11 сентября (1675), на день памяти преподобной Феодоры Александрийской и преподобного Евфросина, умерла в Боровске в земляной тюрьме княгиня Авдотья Прокопьевна Урусова.

— Доклад от дьяка Федора Кузьмищева, великий государь.

— Что там у него?

— Из Боровска, государь. По твоему указу, Кузьмищев всех тюремных сидельцев разобрал. Там в одной избе боярыня Морозова, княгиня Урусова да инока Иустина пребывали. Повелел Федор иноку Иустину в срубе сжечь.

— А сестер что же?

— Не решился, государь. Сам признает, не решился. Больно народу много вокруг тюрьмы-то ихней бывает, чтоб беды какой не наделать. Да и преосвященный повелел от себя иной способ сыскать. Вот он и сыскал. В земляную тюрьму глубокую их спустил.

— Тюрьма там такая есть?

— Тюрьма не тюрьма, великий государь, попросту сказать, колодец, только что без воды.

— А вход какой?

— Да никакого входу. На веревках их туда обеих спровадили. Заместо постелей соломы кинули чуток, еды — на день кружка воды да кромка хлеба. А наверху стрельцов караул дьяк поставил — чтоб подаяния какого им не кидали. Вот с первыми холодами княгиня-то и преставилась. Да ведь упорная какая. Кузьмищев доложил: не стонала, не плакала. Только с боярыней вместе псалмы пели. Сил-то, поди, у княгини уж не осталось, так она тоненько-тоненько так заводила, как дитя малое. Стрельцы даже сверху глядели, не попал ли в яму и впрямь ребенок какой.

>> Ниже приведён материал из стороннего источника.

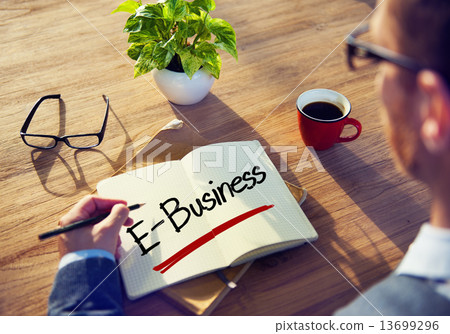 Businessman Writing the Word E-Business 13699296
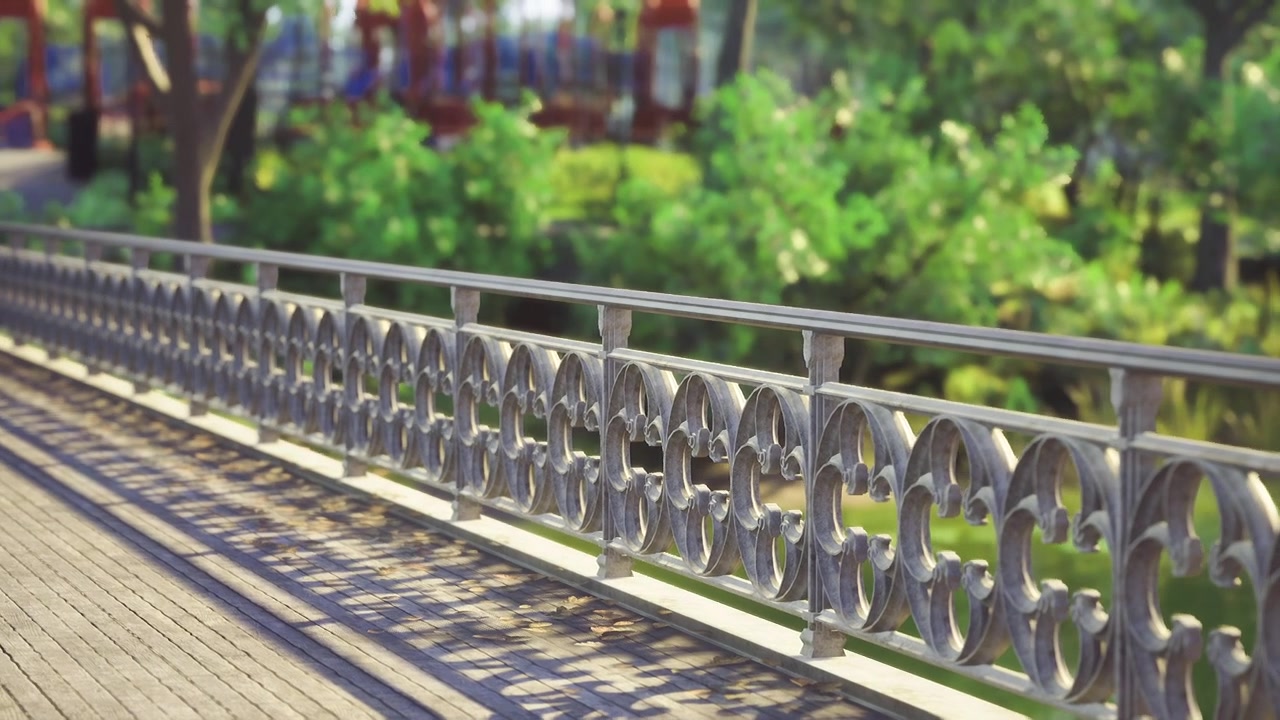 Balustrade logam dekoratif dengan elemen tanaman buram di belakangnya.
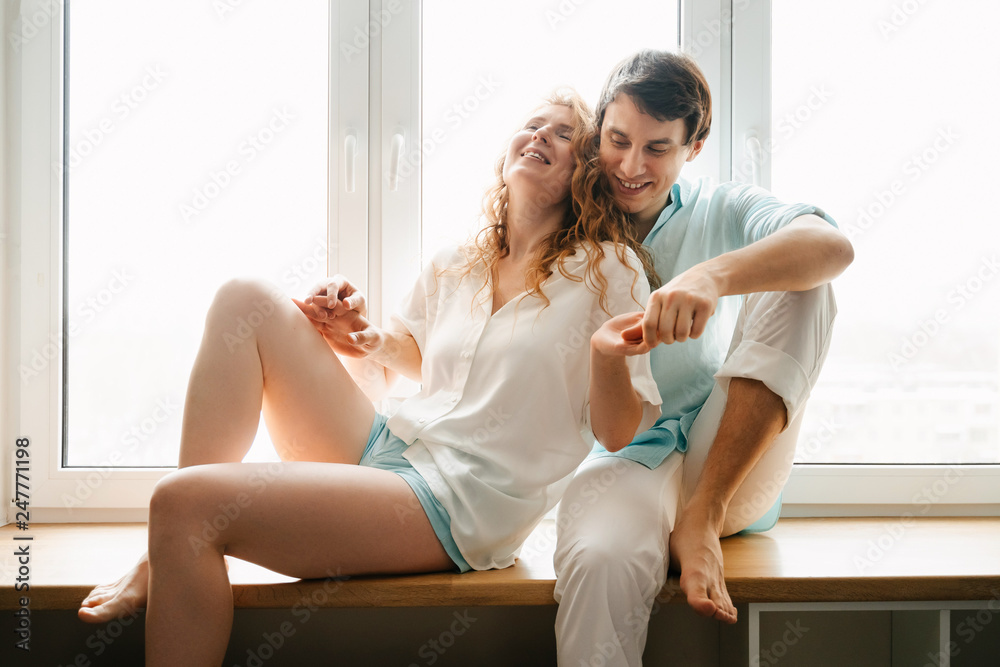 Happy girl and man hugging near window in home. 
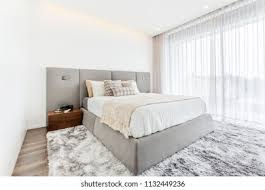 Bedroom color scheme ideas will help you to add harmonious shades to simple bedroom luxurious bedrooms small master bedroom master bedroom design grey bedroom. Simple Bedroom Interior Design Grey White Stock Photo Edit Now 1132449236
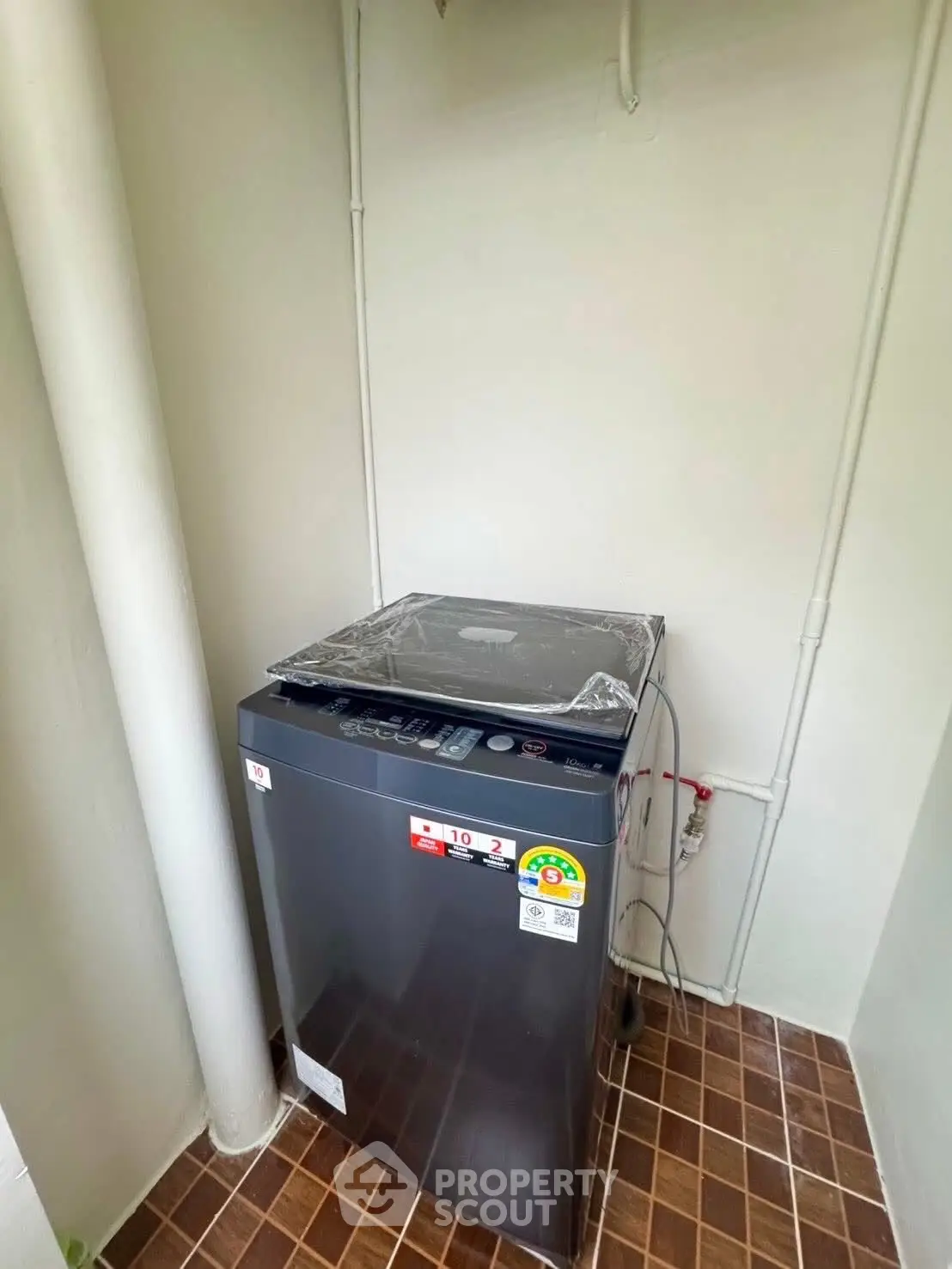 Compact laundry area with modern washing machine in tiled corner space.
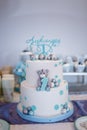 Birthday cake for one year old boy. Teddy bear cartoon character shape and blue decorations of mastic. Candy bar.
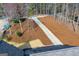 Gravel driveway leading to house surrounded by landscaped yard and mature trees at 2304 Larchmont Ct, Villa Rica, GA 30180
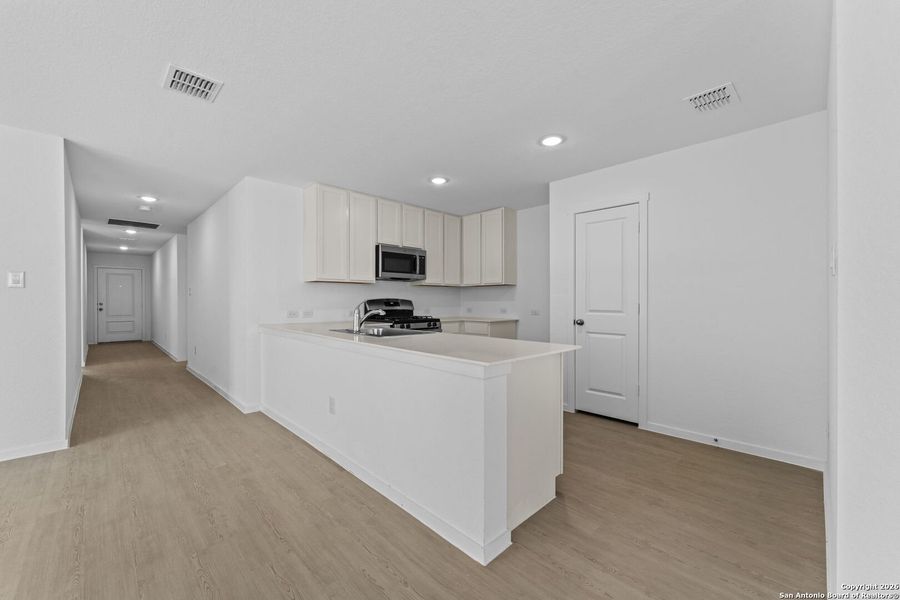 Furnished interior view inside a new home in Friendship Oaks, Fredericksburg (Image 3).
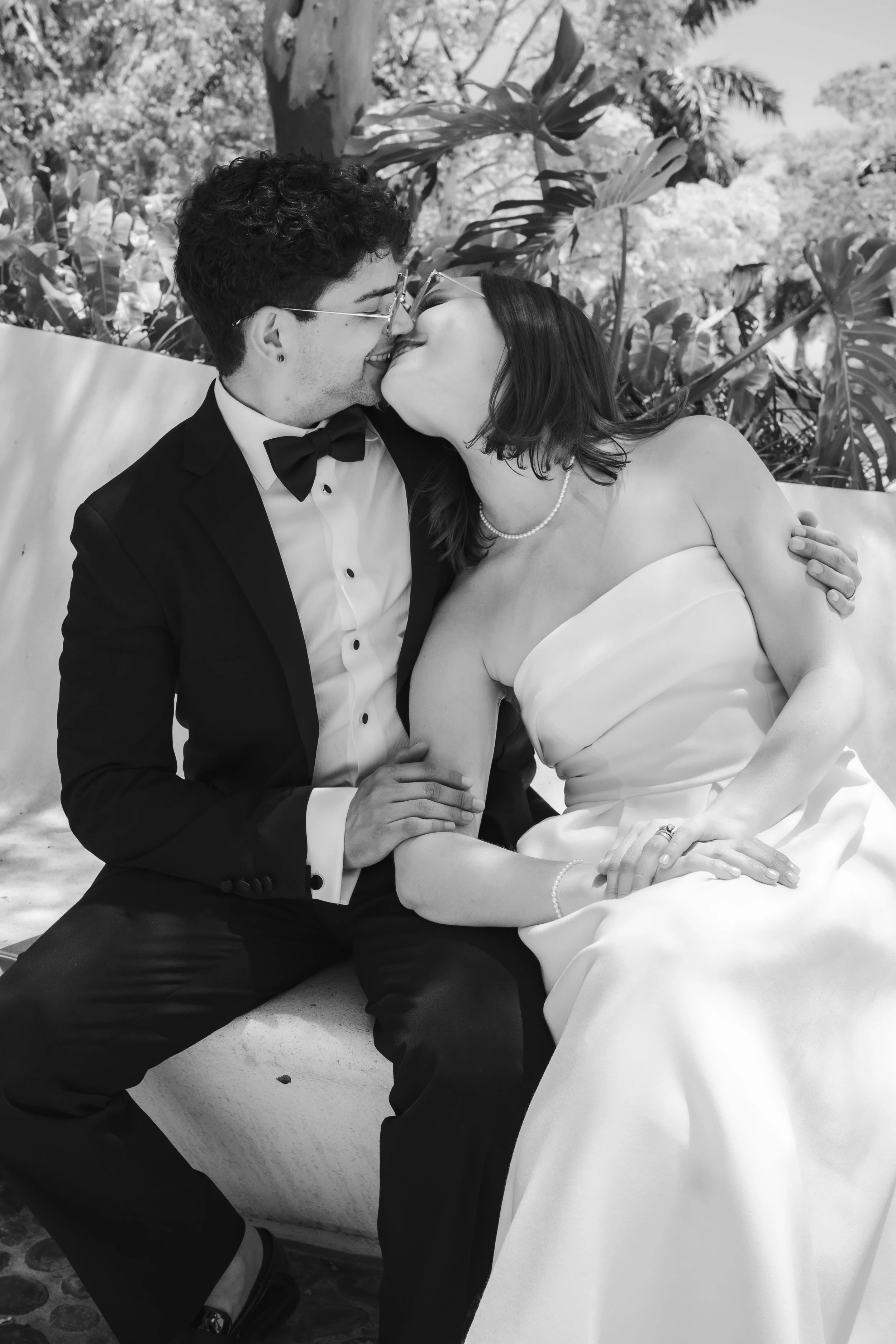 A couple dressed in formal wedding attire sharing a kiss while sitting outdoors in front of lush tropical plants.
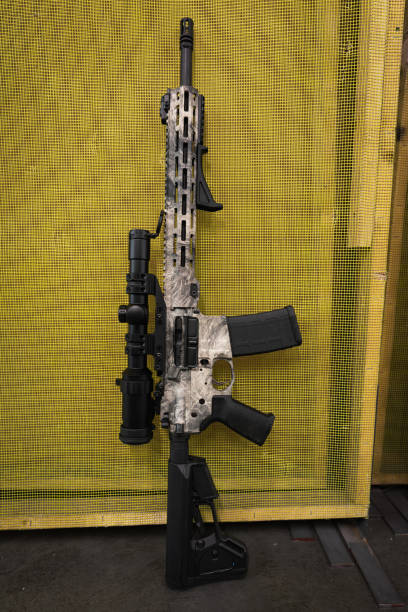 Tactical rifle with optical sight in a shooting range.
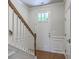 Inviting entryway featuring hardwood floors, traditional staircase, and a stylish white front door with glass panes at 3367 Eastman Dr, Mount Pleasant, SC 29466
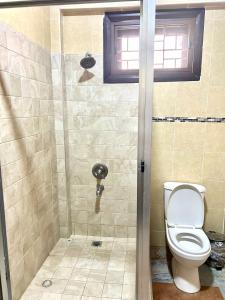 a bathroom with a toilet and a shower at Florence Ville in Cape Coast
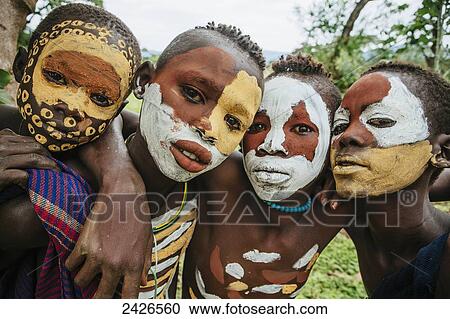Stock Image - Surma children with faces painted with pigment made from powdered coloured stones, Omo region, Southwest Ethiopia; Kibish, Ethiopia. Fotosearch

— Схоронили-то княгиню где?

— В скудельнице, государь, вместе с нищими да ворами, где ж еще. Неужто в отдельной могиле! Как на веревке из ямы-то вытащили, так в скудельницу и стащили. Недалеко она там, на городском валу.

— Государь-братец, занят ли ты? Войтить-то можно?

— Арина Михайловна, сестрица, входи, входи. Чтой-то ты, никак, в лице изменилась. Огорчилась чем, аль недужится?

— Прости, государь, не думала подслушать — само вышло — про скудельницу боровскую. О том и шла с тобой потолковать. Не прошу ни о чем. За целую жизнь без просьб обходилась. Раз ты мне отказал — о боярыне Федосье Прокопьевне тебе кланялась, чтоб не мучил страдалицу, чтоб в какой пожелаешь монастырь под начал отправил да не пытал бы. Отказал ты мне, государь-братец, наотрез отказал. Того припомнить не захотел, как покойница царица Марья Ильична боярыню любила, как о ней печаловалася. Себе у тебя ничего не захотела — о Федосье думала. Искоренил ты нынче морозовский род, как есть искоренил. Нет уж Иванушки. Дай же Федосье Прокопьевне свой век в покое скончать. За что ей мука такая? За что, братец?